Requirement
Your response should give back each record exactly, word for word.

Records provided
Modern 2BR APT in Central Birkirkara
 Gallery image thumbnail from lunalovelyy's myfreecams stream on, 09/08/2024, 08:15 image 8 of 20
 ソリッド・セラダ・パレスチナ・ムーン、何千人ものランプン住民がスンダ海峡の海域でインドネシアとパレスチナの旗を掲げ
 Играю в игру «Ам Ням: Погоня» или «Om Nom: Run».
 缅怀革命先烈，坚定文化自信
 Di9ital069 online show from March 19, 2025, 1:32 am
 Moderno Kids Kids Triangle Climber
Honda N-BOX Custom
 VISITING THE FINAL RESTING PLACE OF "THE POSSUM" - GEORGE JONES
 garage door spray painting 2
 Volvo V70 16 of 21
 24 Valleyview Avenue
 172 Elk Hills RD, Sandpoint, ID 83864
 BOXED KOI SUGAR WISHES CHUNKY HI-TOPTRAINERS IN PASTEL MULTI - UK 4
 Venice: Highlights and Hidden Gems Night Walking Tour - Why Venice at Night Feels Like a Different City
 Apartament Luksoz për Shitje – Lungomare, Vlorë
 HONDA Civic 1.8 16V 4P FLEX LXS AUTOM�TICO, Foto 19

Answer section
Modern 2BR APT in Central Birkirkara
 Gallery image thumbnail from lunalovelyy's myfreecams stream on, 09/08/2024, 08:15 image 8 of 20
 ソリッド・セラダ・パレスチナ・ムーン、何千人ものランプン住民がスンダ海峡の海域でインドネシアとパレスチナの旗を掲げ
 Играю в игру «Ам Ням: Погоня» или «Om Nom: Run».
 缅怀革命先烈，坚定文化自信
 Di9ital069 online show from March 19, 2025, 1:32 am
 Moderno Kids Kids Triangle Climber
Honda N-BOX Custom
 VISITING THE FINAL RESTING PLACE OF "THE POSSUM" - GEORGE JONES
 garage door spray painting 2
 Volvo V70 16 of 21
 24 Valleyview Avenue
 172 Elk Hills RD, Sandpoint, ID 83864
 BOXED KOI SUGAR WISHES CHUNKY HI-TOPTRAINERS IN PASTEL MULTI - UK 4
 Venice: Highlights and Hidden Gems Night Walking Tour - Why Venice at Night Feels Like a Different City
 Apartament Luksoz për Shitje – Lungomare, Vlorë
 HONDA Civic 1.8 16V 4P FLEX LXS AUTOM�TICO, Foto 19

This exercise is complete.